SUPPLIED DATA:

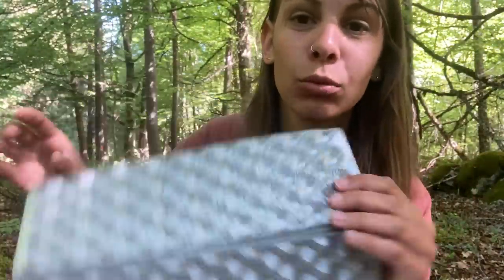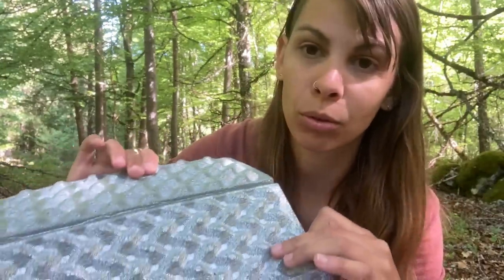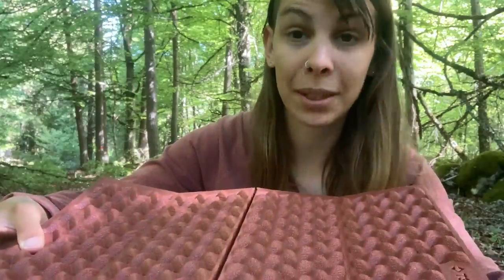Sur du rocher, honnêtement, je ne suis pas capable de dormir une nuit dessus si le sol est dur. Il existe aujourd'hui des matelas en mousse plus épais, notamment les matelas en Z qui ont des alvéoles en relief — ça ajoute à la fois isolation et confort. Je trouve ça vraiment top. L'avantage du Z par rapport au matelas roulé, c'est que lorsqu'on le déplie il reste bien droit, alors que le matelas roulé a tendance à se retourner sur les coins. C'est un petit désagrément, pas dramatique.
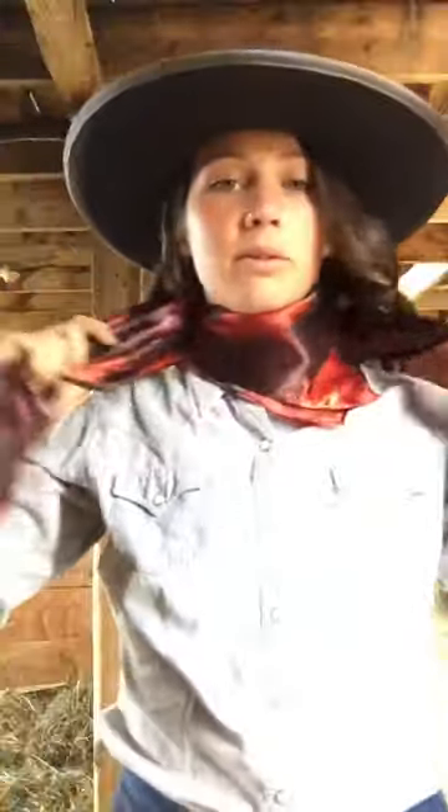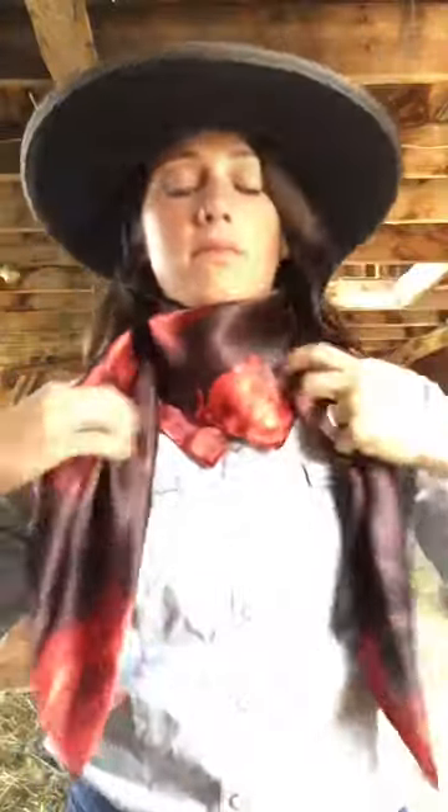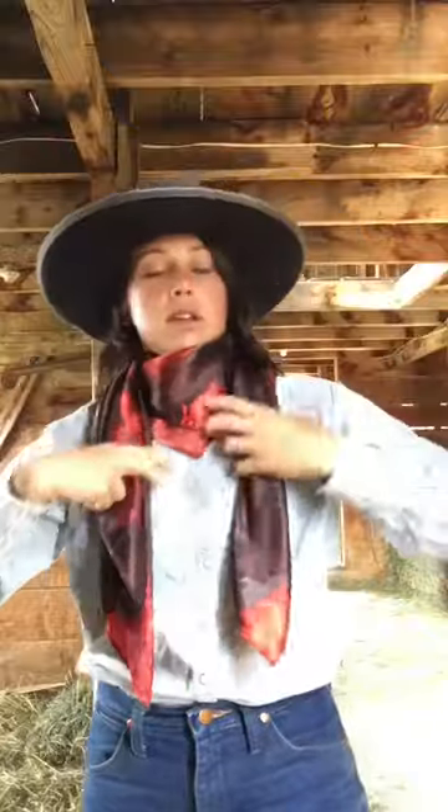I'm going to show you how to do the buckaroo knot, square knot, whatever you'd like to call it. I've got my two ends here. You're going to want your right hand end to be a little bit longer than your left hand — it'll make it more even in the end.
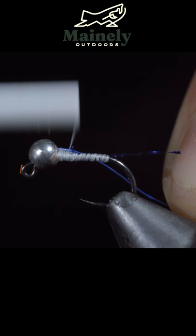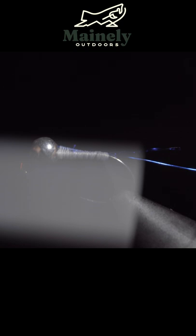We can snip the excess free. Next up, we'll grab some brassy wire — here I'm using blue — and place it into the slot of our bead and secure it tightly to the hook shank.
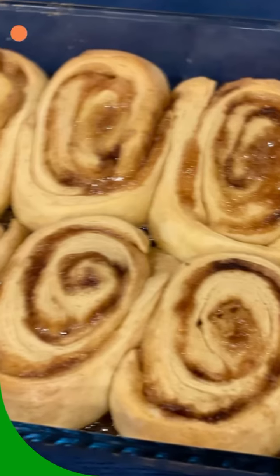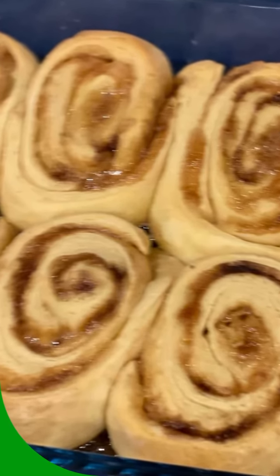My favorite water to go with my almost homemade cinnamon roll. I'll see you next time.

ASSIGNMENT:
Give the listing again word for word. Skip any pictures.

OUTPUT BELOW:
Sur du rocher, honnêtement, je ne suis pas capable de dormir une nuit dessus si le sol est dur. Il existe aujourd'hui des matelas en mousse plus épais, notamment les matelas en Z qui ont des alvéoles en relief — ça ajoute à la fois isolation et confort. Je trouve ça vraiment top. L'avantage du Z par rapport au matelas roulé, c'est que lorsqu'on le déplie il reste bien droit, alors que le matelas roulé a tendance à se retourner sur les coins. C'est un petit désagrément, pas dramatique.
I'm going to show you how to do the buckaroo knot, square knot, whatever you'd like to call it. I've got my two ends here. You're going to want your right hand end to be a little bit longer than your left hand — it'll make it more even in the end.
We can snip the excess free. Next up, we'll grab some brassy wire — here I'm using blue — and place it into the slot of our bead and secure it tightly to the hook shank.
My favorite water to go with my almost homemade cinnamon roll. I'll see you next time.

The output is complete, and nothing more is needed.